Collected data:

:::::

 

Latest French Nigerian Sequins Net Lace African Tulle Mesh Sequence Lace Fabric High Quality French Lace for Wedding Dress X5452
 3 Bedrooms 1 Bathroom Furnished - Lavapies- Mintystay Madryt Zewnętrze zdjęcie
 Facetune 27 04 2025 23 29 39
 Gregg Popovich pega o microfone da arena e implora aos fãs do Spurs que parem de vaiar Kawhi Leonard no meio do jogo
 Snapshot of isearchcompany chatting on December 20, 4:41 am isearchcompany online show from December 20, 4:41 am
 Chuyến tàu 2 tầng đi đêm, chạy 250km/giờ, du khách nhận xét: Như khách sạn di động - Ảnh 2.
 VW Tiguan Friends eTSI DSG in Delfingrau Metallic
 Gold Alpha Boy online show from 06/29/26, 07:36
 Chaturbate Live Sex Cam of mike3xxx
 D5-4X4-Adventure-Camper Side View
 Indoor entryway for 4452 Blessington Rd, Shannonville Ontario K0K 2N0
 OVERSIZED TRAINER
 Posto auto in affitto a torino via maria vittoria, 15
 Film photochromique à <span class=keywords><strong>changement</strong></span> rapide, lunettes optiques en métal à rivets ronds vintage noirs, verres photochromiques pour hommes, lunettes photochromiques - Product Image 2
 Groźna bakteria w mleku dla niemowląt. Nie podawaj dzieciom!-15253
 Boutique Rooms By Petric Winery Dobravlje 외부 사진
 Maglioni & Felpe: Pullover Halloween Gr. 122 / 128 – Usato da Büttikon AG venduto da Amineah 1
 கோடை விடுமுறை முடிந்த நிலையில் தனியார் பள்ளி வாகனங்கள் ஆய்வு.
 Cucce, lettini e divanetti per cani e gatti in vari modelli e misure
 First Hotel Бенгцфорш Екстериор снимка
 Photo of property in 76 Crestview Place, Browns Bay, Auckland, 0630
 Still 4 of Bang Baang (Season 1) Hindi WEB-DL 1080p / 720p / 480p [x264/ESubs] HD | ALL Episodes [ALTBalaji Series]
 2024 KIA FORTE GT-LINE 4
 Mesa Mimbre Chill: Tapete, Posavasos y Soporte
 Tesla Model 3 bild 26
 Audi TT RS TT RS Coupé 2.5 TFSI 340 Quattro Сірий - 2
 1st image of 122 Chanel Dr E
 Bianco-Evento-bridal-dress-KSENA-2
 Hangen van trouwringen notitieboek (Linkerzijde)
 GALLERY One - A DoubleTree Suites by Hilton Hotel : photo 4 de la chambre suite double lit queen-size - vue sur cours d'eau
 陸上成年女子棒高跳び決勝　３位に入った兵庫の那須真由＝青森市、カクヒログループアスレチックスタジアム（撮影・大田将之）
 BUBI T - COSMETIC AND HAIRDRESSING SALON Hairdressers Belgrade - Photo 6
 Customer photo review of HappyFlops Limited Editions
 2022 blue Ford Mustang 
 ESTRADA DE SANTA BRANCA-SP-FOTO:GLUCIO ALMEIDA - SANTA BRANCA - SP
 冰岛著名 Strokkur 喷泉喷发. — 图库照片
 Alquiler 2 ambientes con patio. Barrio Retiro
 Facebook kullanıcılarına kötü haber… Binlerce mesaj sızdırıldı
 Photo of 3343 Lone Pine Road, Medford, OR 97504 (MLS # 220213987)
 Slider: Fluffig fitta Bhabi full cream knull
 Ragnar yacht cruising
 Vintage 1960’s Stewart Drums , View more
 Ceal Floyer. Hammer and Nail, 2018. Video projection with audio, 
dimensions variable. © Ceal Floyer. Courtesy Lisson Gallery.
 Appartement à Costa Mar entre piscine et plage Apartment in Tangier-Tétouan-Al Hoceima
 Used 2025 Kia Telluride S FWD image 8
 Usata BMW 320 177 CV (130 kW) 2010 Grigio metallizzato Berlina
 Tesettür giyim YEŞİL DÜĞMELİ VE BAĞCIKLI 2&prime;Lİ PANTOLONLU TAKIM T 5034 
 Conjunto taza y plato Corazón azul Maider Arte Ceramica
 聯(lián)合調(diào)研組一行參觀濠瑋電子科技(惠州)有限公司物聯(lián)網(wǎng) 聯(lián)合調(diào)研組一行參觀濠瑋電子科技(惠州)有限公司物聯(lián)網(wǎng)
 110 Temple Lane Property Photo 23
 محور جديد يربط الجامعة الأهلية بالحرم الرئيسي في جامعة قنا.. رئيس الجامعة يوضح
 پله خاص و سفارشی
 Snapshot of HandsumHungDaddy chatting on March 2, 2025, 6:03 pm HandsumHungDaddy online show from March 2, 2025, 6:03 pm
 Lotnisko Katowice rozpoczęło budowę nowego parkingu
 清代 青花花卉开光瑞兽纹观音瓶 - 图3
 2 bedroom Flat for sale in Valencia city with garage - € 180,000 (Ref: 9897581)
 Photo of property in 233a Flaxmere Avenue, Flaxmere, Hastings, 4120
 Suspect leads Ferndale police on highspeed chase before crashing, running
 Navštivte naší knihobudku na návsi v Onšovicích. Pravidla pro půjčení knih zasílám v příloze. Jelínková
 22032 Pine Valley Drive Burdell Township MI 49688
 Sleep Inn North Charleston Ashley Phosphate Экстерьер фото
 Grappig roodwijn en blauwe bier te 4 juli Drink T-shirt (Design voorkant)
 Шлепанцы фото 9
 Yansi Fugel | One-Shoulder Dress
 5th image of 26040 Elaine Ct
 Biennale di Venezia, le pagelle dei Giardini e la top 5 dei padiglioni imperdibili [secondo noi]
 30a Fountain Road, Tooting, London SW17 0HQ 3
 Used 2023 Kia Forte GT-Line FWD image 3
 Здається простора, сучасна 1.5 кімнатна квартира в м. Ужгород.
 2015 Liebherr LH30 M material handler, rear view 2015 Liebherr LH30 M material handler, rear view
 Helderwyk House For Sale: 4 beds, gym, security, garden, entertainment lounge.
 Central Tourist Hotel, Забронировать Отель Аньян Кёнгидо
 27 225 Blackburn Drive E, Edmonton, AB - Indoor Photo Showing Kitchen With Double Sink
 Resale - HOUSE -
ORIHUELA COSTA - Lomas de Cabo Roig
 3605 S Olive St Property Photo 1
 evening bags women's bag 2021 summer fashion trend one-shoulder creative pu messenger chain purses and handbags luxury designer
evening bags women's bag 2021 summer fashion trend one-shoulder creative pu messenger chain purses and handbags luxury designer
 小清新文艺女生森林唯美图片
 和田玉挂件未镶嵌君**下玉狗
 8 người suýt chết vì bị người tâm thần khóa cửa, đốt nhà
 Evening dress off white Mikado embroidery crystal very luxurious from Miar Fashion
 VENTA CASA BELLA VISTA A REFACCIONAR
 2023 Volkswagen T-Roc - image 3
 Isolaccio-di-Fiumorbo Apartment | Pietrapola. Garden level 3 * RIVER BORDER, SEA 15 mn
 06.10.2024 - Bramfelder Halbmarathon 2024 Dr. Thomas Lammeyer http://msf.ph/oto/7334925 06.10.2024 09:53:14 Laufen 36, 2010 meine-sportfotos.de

:::::

TASK TO COMPLETE - Write out all the entries once more, exactly.

RESPONSE BELOW -
Latest French Nigerian Sequins Net Lace African Tulle Mesh Sequence Lace Fabric High Quality French Lace for Wedding Dress X5452
 3 Bedrooms 1 Bathroom Furnished - Lavapies- Mintystay Madryt Zewnętrze zdjęcie
 Facetune 27 04 2025 23 29 39
 Gregg Popovich pega o microfone da arena e implora aos fãs do Spurs que parem de vaiar Kawhi Leonard no meio do jogo
 Snapshot of isearchcompany chatting on December 20, 4:41 am isearchcompany online show from December 20, 4:41 am
 Chuyến tàu 2 tầng đi đêm, chạy 250km/giờ, du khách nhận xét: Như khách sạn di động - Ảnh 2.
 VW Tiguan Friends eTSI DSG in Delfingrau Metallic
 Gold Alpha Boy online show from 06/29/26, 07:36
 Chaturbate Live Sex Cam of mike3xxx
 D5-4X4-Adventure-Camper Side View
 Indoor entryway for 4452 Blessington Rd, Shannonville Ontario K0K 2N0
 OVERSIZED TRAINER
 Posto auto in affitto a torino via maria vittoria, 15
 Film photochromique à <span class=keywords><strong>changement</strong></span> rapide, lunettes optiques en métal à rivets ronds vintage noirs, verres photochromiques pour hommes, lunettes photochromiques - Product Image 2
 Groźna bakteria w mleku dla niemowląt. Nie podawaj dzieciom!-15253
 Boutique Rooms By Petric Winery Dobravlje 외부 사진
 Maglioni & Felpe: Pullover Halloween Gr. 122 / 128 – Usato da Büttikon AG venduto da Amineah 1
 கோடை விடுமுறை முடிந்த நிலையில் தனியார் பள்ளி வாகனங்கள் ஆய்வு.
 Cucce, lettini e divanetti per cani e gatti in vari modelli e misure
 First Hotel Бенгцфорш Екстериор снимка
 Photo of property in 76 Crestview Place, Browns Bay, Auckland, 0630
 Still 4 of Bang Baang (Season 1) Hindi WEB-DL 1080p / 720p / 480p [x264/ESubs] HD | ALL Episodes [ALTBalaji Series]
 2024 KIA FORTE GT-LINE 4
 Mesa Mimbre Chill: Tapete, Posavasos y Soporte
 Tesla Model 3 bild 26
 Audi TT RS TT RS Coupé 2.5 TFSI 340 Quattro Сірий - 2
 1st image of 122 Chanel Dr E
 Bianco-Evento-bridal-dress-KSENA-2
 Hangen van trouwringen notitieboek (Linkerzijde)
 GALLERY One - A DoubleTree Suites by Hilton Hotel : photo 4 de la chambre suite double lit queen-size - vue sur cours d'eau
 陸上成年女子棒高跳び決勝　３位に入った兵庫の那須真由＝青森市、カクヒログループアスレチックスタジアム（撮影・大田将之）
 BUBI T - COSMETIC AND HAIRDRESSING SALON Hairdressers Belgrade - Photo 6
 Customer photo review of HappyFlops Limited Editions
 2022 blue Ford Mustang 
 ESTRADA DE SANTA BRANCA-SP-FOTO:GLUCIO ALMEIDA - SANTA BRANCA - SP
 冰岛著名 Strokkur 喷泉喷发. — 图库照片
 Alquiler 2 ambientes con patio. Barrio Retiro
 Facebook kullanıcılarına kötü haber… Binlerce mesaj sızdırıldı
 Photo of 3343 Lone Pine Road, Medford, OR 97504 (MLS # 220213987)
 Slider: Fluffig fitta Bhabi full cream knull
 Ragnar yacht cruising
 Vintage 1960’s Stewart Drums , View more
 Ceal Floyer. Hammer and Nail, 2018. Video projection with audio, 
dimensions variable. © Ceal Floyer. Courtesy Lisson Gallery.
 Appartement à Costa Mar entre piscine et plage Apartment in Tangier-Tétouan-Al Hoceima
 Used 2025 Kia Telluride S FWD image 8
 Usata BMW 320 177 CV (130 kW) 2010 Grigio metallizzato Berlina
 Tesettür giyim YEŞİL DÜĞMELİ VE BAĞCIKLI 2&prime;Lİ PANTOLONLU TAKIM T 5034 
 Conjunto taza y plato Corazón azul Maider Arte Ceramica
 聯(lián)合調(diào)研組一行參觀濠瑋電子科技(惠州)有限公司物聯(lián)網(wǎng) 聯(lián)合調(diào)研組一行參觀濠瑋電子科技(惠州)有限公司物聯(lián)網(wǎng)
 110 Temple Lane Property Photo 23
 محور جديد يربط الجامعة الأهلية بالحرم الرئيسي في جامعة قنا.. رئيس الجامعة يوضح
 پله خاص و سفارشی
 Snapshot of HandsumHungDaddy chatting on March 2, 2025, 6:03 pm HandsumHungDaddy online show from March 2, 2025, 6:03 pm
 Lotnisko Katowice rozpoczęło budowę nowego parkingu
 清代 青花花卉开光瑞兽纹观音瓶 - 图3
 2 bedroom Flat for sale in Valencia city with garage - € 180,000 (Ref: 9897581)
 Photo of property in 233a Flaxmere Avenue, Flaxmere, Hastings, 4120
 Suspect leads Ferndale police on highspeed chase before crashing, running
 Navštivte naší knihobudku na návsi v Onšovicích. Pravidla pro půjčení knih zasílám v příloze. Jelínková
 22032 Pine Valley Drive Burdell Township MI 49688
 Sleep Inn North Charleston Ashley Phosphate Экстерьер фото
 Grappig roodwijn en blauwe bier te 4 juli Drink T-shirt (Design voorkant)
 Шлепанцы фото 9
 Yansi Fugel | One-Shoulder Dress
 5th image of 26040 Elaine Ct
 Biennale di Venezia, le pagelle dei Giardini e la top 5 dei padiglioni imperdibili [secondo noi]
 30a Fountain Road, Tooting, London SW17 0HQ 3
 Used 2023 Kia Forte GT-Line FWD image 3
 Здається простора, сучасна 1.5 кімнатна квартира в м. Ужгород.
 2015 Liebherr LH30 M material handler, rear view 2015 Liebherr LH30 M material handler, rear view
 Helderwyk House For Sale: 4 beds, gym, security, garden, entertainment lounge.
 Central Tourist Hotel, Забронировать Отель Аньян Кёнгидо
 27 225 Blackburn Drive E, Edmonton, AB - Indoor Photo Showing Kitchen With Double Sink
 Resale - HOUSE -
ORIHUELA COSTA - Lomas de Cabo Roig
 3605 S Olive St Property Photo 1
 evening bags women's bag 2021 summer fashion trend one-shoulder creative pu messenger chain purses and handbags luxury designer
evening bags women's bag 2021 summer fashion trend one-shoulder creative pu messenger chain purses and handbags luxury designer
 小清新文艺女生森林唯美图片
 和田玉挂件未镶嵌君**下玉狗
 8 người suýt chết vì bị người tâm thần khóa cửa, đốt nhà
 Evening dress off white Mikado embroidery crystal very luxurious from Miar Fashion
 VENTA CASA BELLA VISTA A REFACCIONAR
 2023 Volkswagen T-Roc - image 3
 Isolaccio-di-Fiumorbo Apartment | Pietrapola. Garden level 3 * RIVER BORDER, SEA 15 mn
 06.10.2024 - Bramfelder Halbmarathon 2024 Dr. Thomas Lammeyer http://msf.ph/oto/7334925 06.10.2024 09:53:14 Laufen 36, 2010 meine-sportfotos.de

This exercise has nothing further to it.